The National Prohibition Act (P.L. 66-66, 41 Stat. 305), also known as the Volstead Act, was adopted by Congress in 1919 to implement the recently ratified Eighteenth Amendment to the Constitution of the United States. For nearly a century, temperance crusaders had attempted to impose abstinence from alcohol on American society, and the Volstead Act became the fullest expression of their effort. The act became as well known as the constitutional amendment on which it rested. In April 1933 Congress relaxed the terms of the Volstead Act, and for many Americans this represented the end of National Prohibition even before states completed the repeal of the Eighteenth Amendment eight months later.

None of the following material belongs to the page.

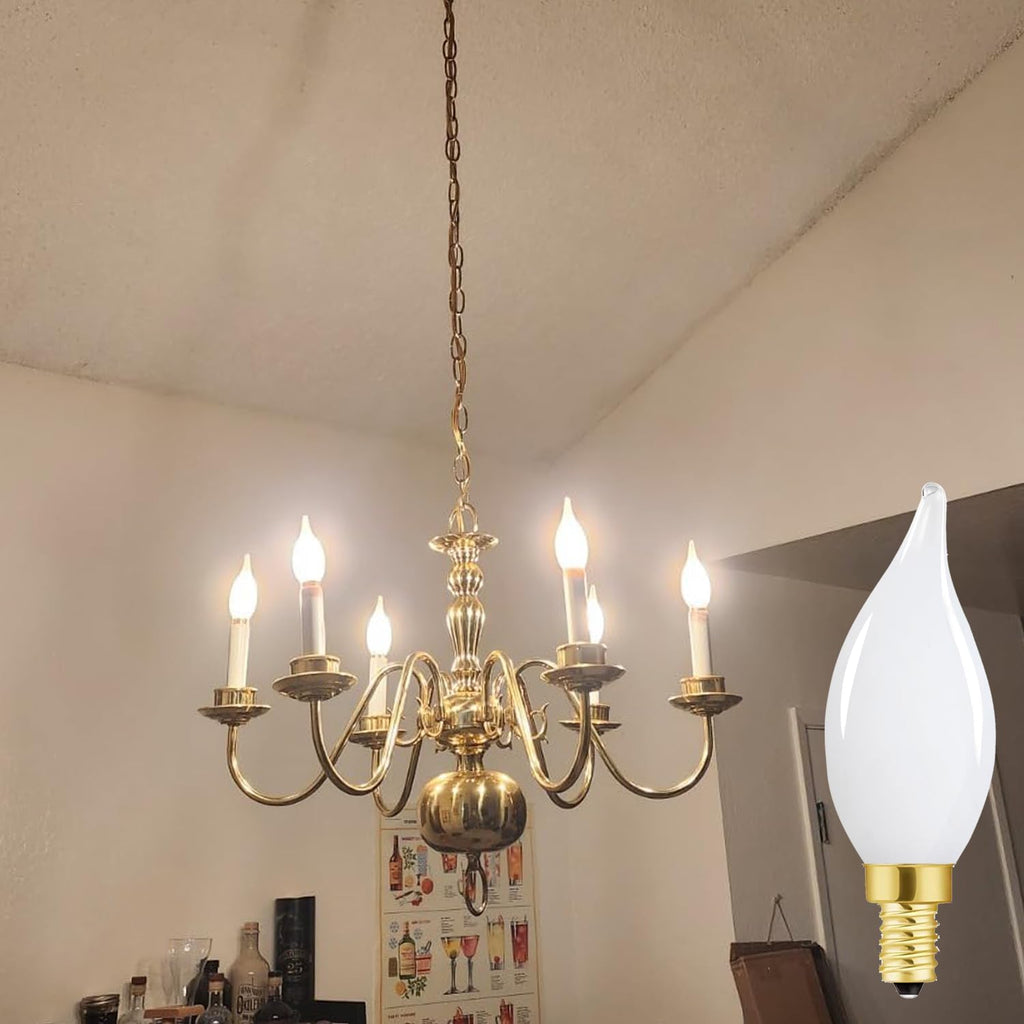 E12 Dimmable LED Bulb 6W Candelabra Bulbs 60 Watt E12 Light Bulbs 2700K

The Eighteenth Amendment approved by Congress in December 1917 and eventually ratified by well over three-fourths of the states declared a national ban on the manufacture, sale, transportation, importation, and exportation of intoxicating liquors for beverage purposes to take effect one year after the amendment's ratification. A definition of intoxicating beverages as well as arrangements for enforcing their prohibition remained for Congress to establish. Because of the amendment's rapid ratification, completed January 16, 1919, federal legislators had reason to believe that the American public would welcome strong provisions for enforcement of Prohibition.

PROVISIONS OF THE ACT

Representative Andrew J. Volstead, a Minnesota Republican and chairman of the House Judiciary Committee, proposed that Congress adopt a Prohibition enforcement act. Both Volstead and Wayne Wheeler, legal counsel for the Anti-Saloon League of America, later claimed authorship of the act. Many of the act's provisions reflected standard Anti-Saloon League thinking. The first section of the act continued temporary wartime prohibition until the Eighteenth Amendment could go into effect. Preventing an orgy of drinking as soldiers returned from World War I was a prime Anti-Saloon League concern. The third section of the act regulated industrial and scientific use of alcohol. To prevent its diversion to drinkers, industrial alcohol was to be denatured, a process that renders it unfit for human consumption. The second section of the Volstead Act focused directly on implementing the constitutional beverage liquor ban.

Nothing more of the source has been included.